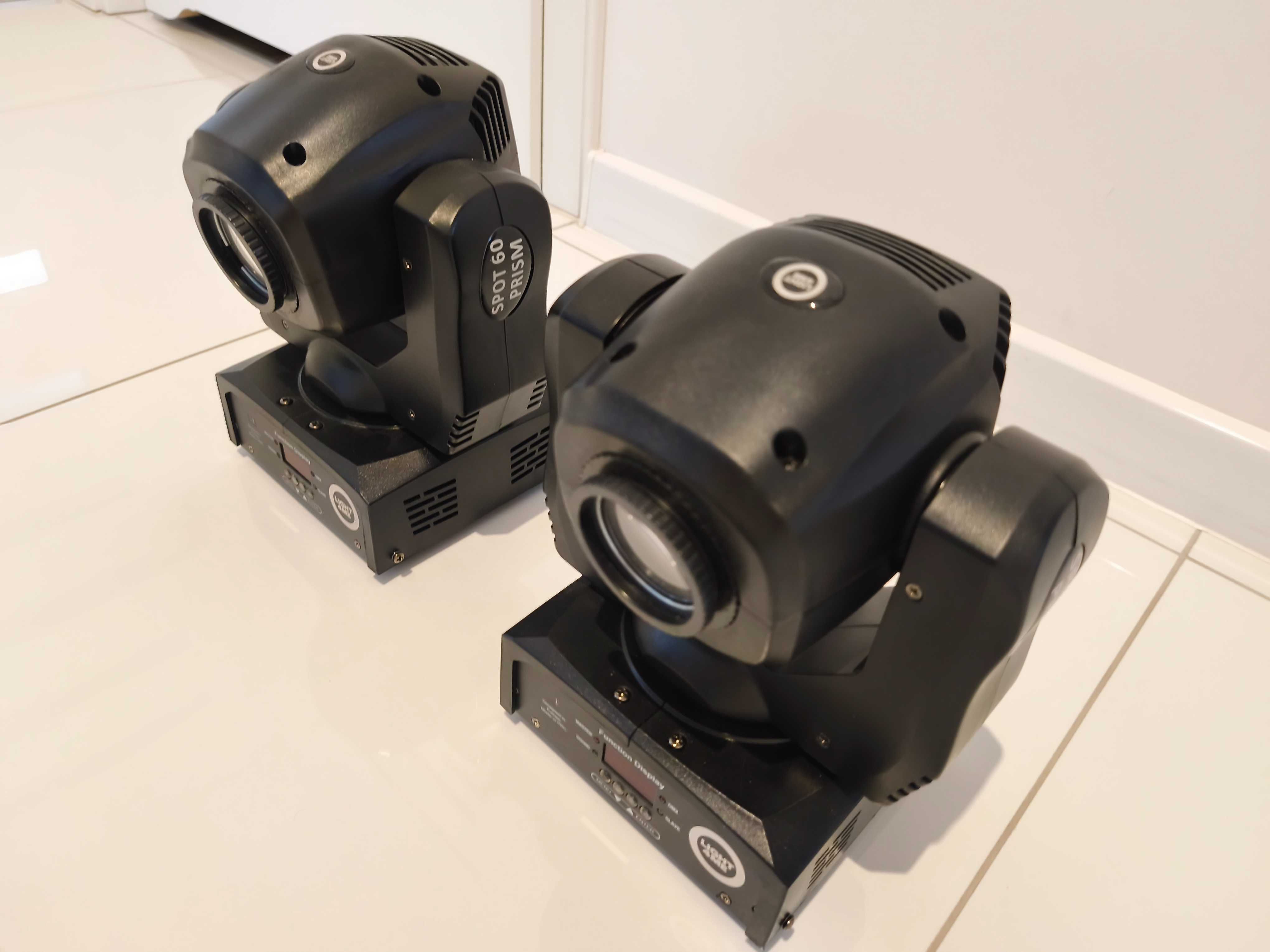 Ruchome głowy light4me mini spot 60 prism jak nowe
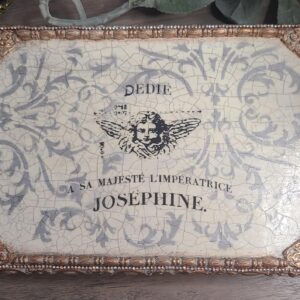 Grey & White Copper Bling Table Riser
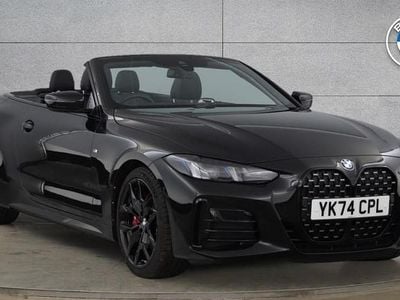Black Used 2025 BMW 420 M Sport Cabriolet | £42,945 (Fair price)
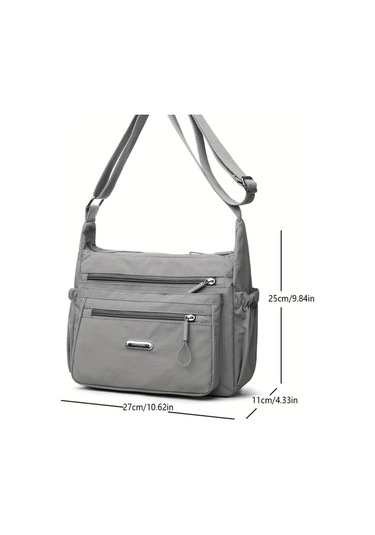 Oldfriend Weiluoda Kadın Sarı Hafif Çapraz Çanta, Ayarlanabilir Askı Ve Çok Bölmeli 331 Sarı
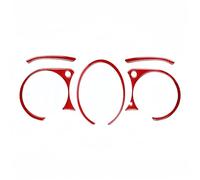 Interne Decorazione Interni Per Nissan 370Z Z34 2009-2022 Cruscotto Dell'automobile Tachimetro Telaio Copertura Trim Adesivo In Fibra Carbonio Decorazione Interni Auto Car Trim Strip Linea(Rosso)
***
### Task statement:
Type the entries again verbatim. Any pictures should be skipped.

### Result of the task:
 Ruchome głowy light4me mini spot 60 prism jak nowe
 Grey & White Copper Bling Table Riser
Black Used 2025 BMW 420 M Sport Cabriolet | £42,945 (Fair price)
 Oldfriend Weiluoda Kadın Sarı Hafif Çapraz Çanta, Ayarlanabilir Askı Ve Çok Bölmeli 331 Sarı
 Interne Decorazione Interni Per Nissan 370Z Z34 2009-2022 Cruscotto Dell'automobile Tachimetro Telaio Copertura Trim Adesivo In Fibra Carbonio Decorazione Interni Auto Car Trim Strip Linea(Rosso)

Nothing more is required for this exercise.